DATASET
[Start of section]
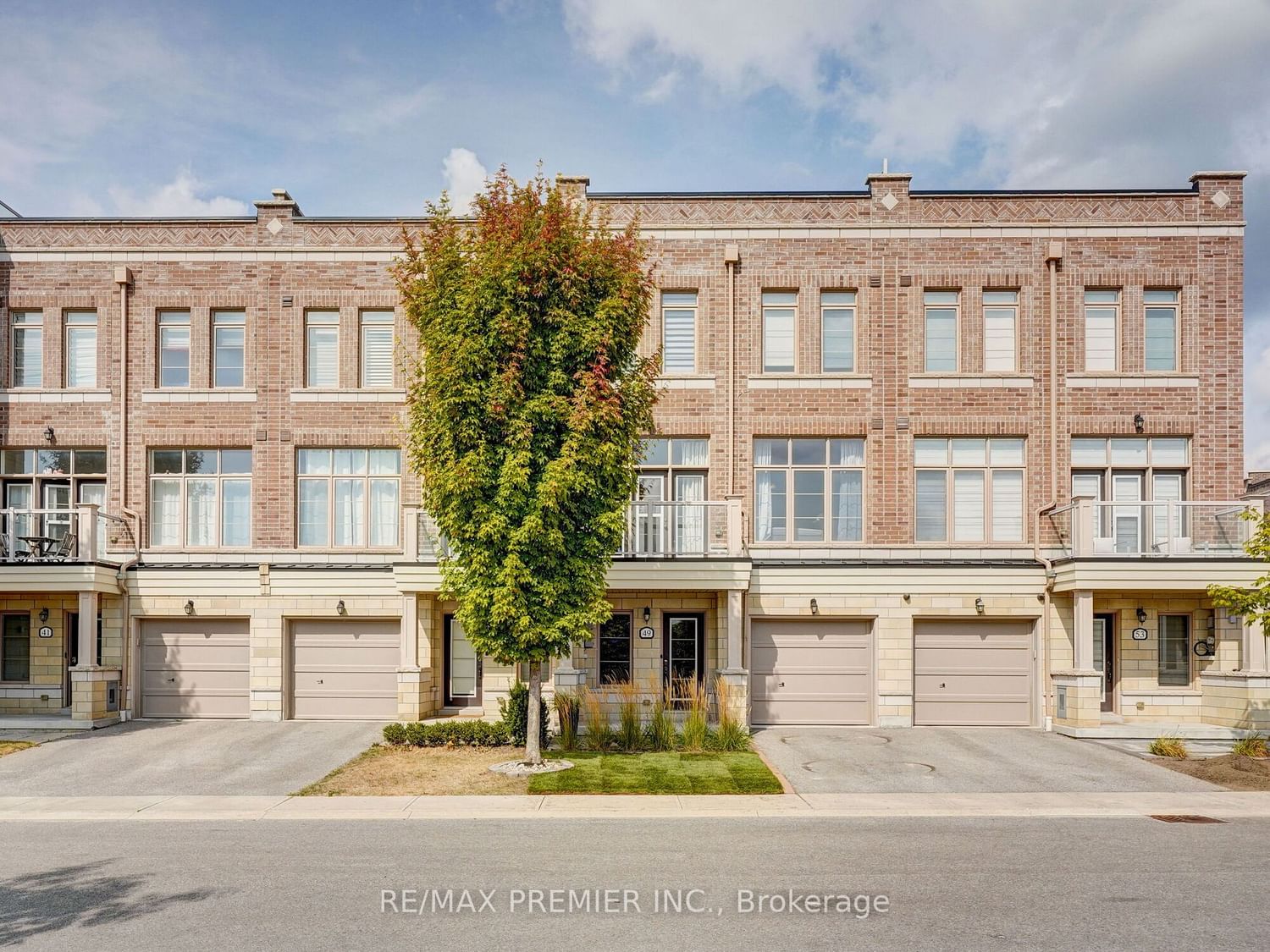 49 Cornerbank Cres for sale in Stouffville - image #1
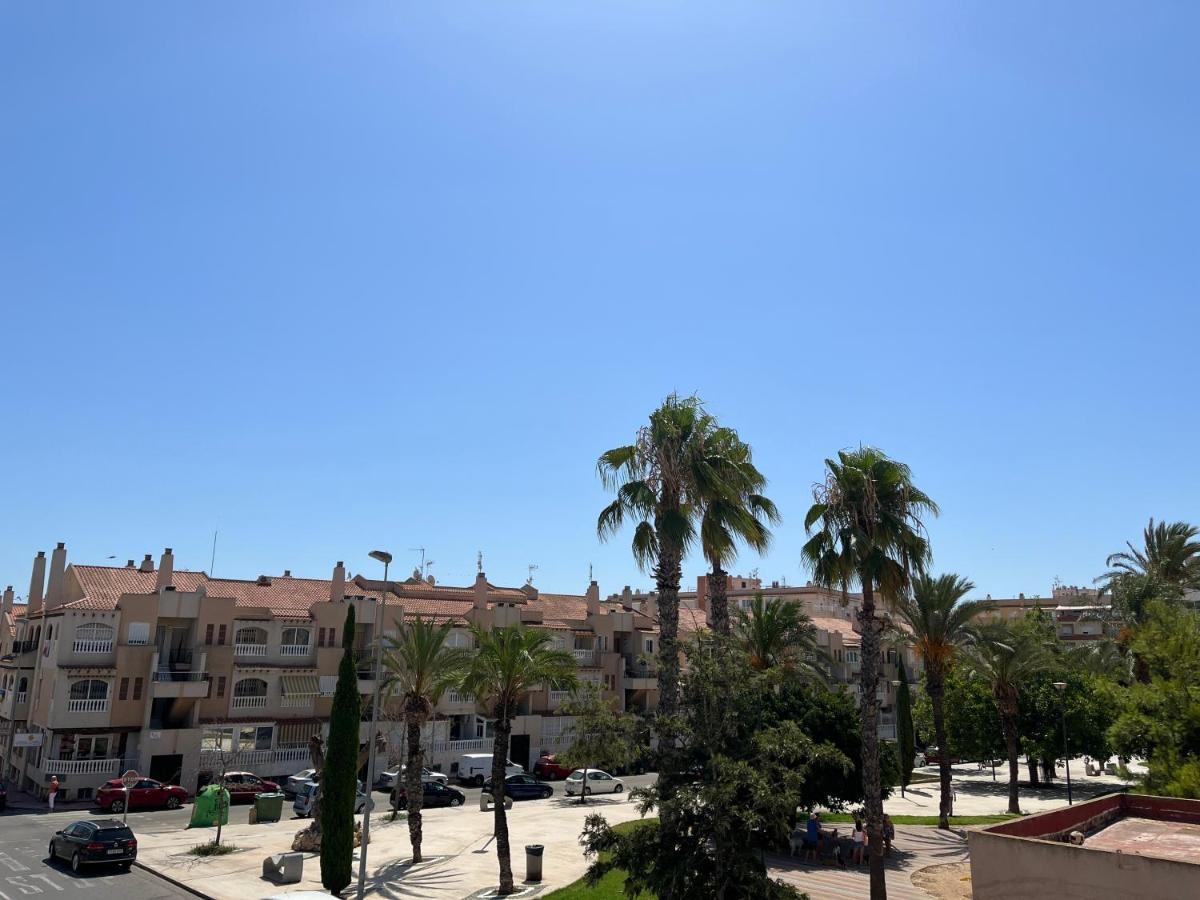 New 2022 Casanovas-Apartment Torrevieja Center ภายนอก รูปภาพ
[End of section]
[Start of section]
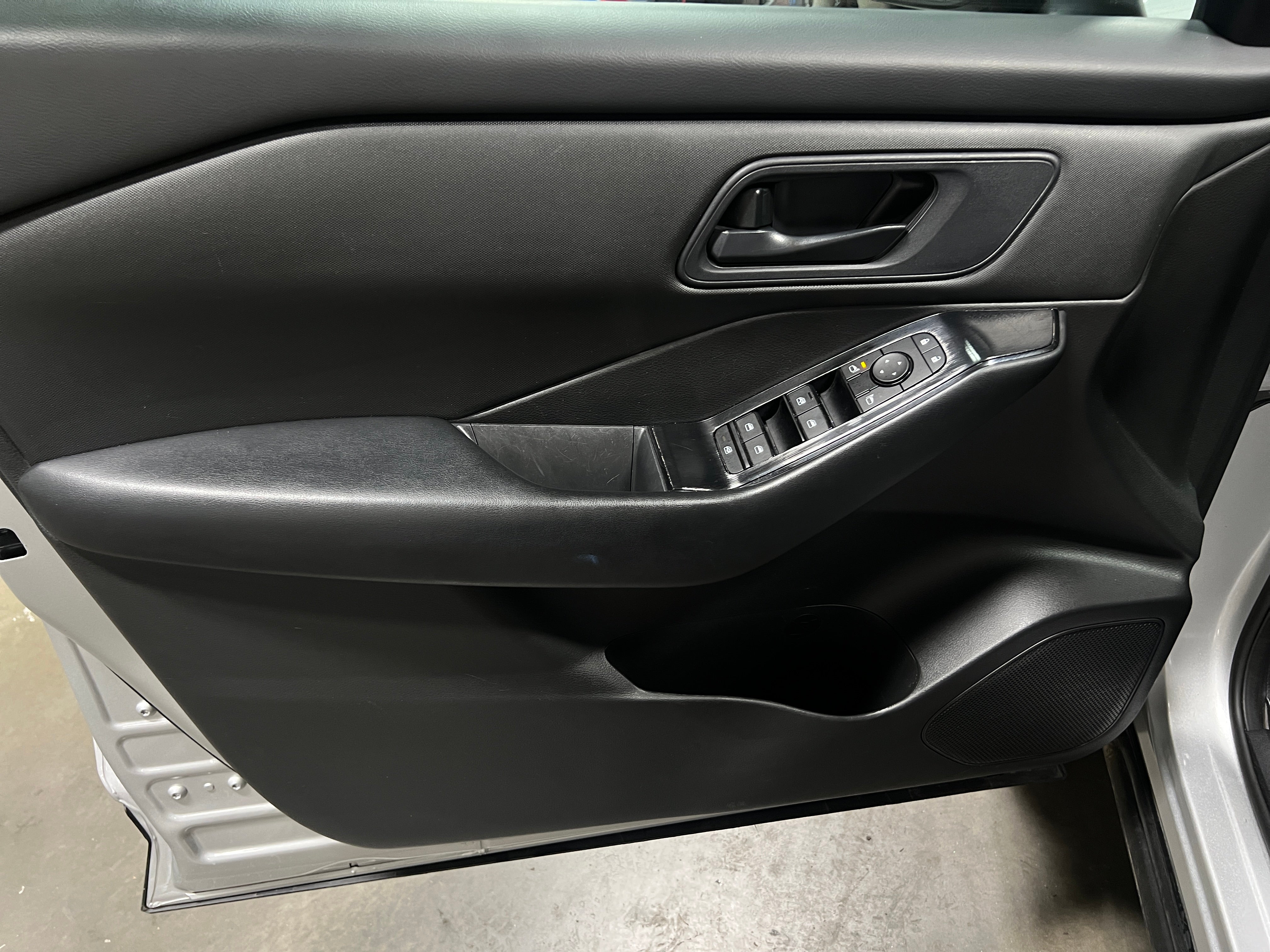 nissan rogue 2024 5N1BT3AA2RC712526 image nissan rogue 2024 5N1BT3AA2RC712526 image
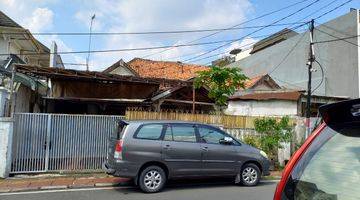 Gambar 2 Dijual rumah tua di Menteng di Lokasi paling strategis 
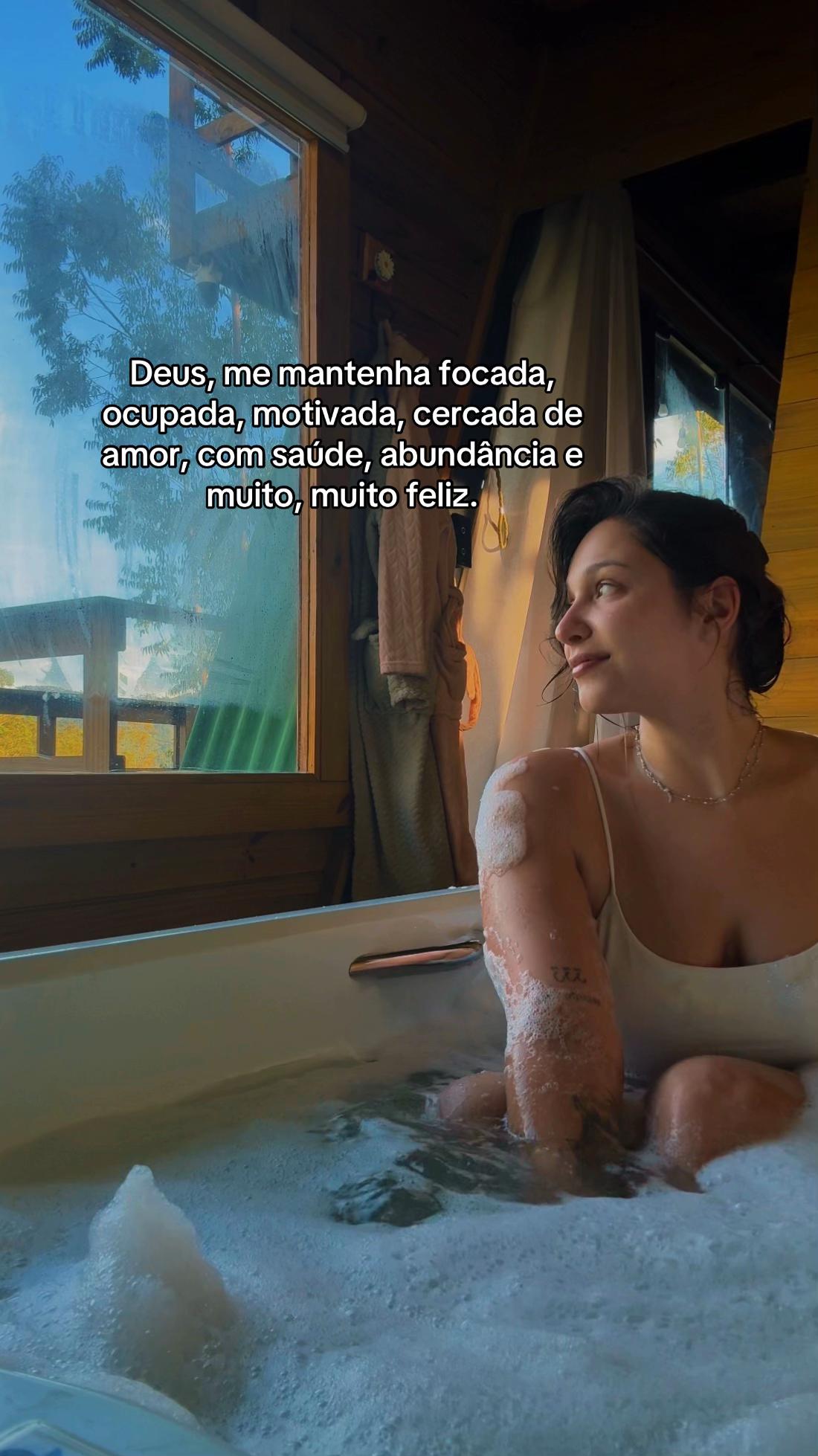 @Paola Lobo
[End of section]
WHAT THE EXERCISE ASKS
Leave the pictures out. Output, exactly, the lines of the material above starting at the line containing "49 Cornerbank Cres" and ending at the line containing "New 2022 Casanovas-Apartment".

SOLUTION BELOW
 49 Cornerbank Cres for sale in Stouffville - image #1
 New 2022 Casanovas-Apartment Torrevieja Center ภายนอก รูปภาพ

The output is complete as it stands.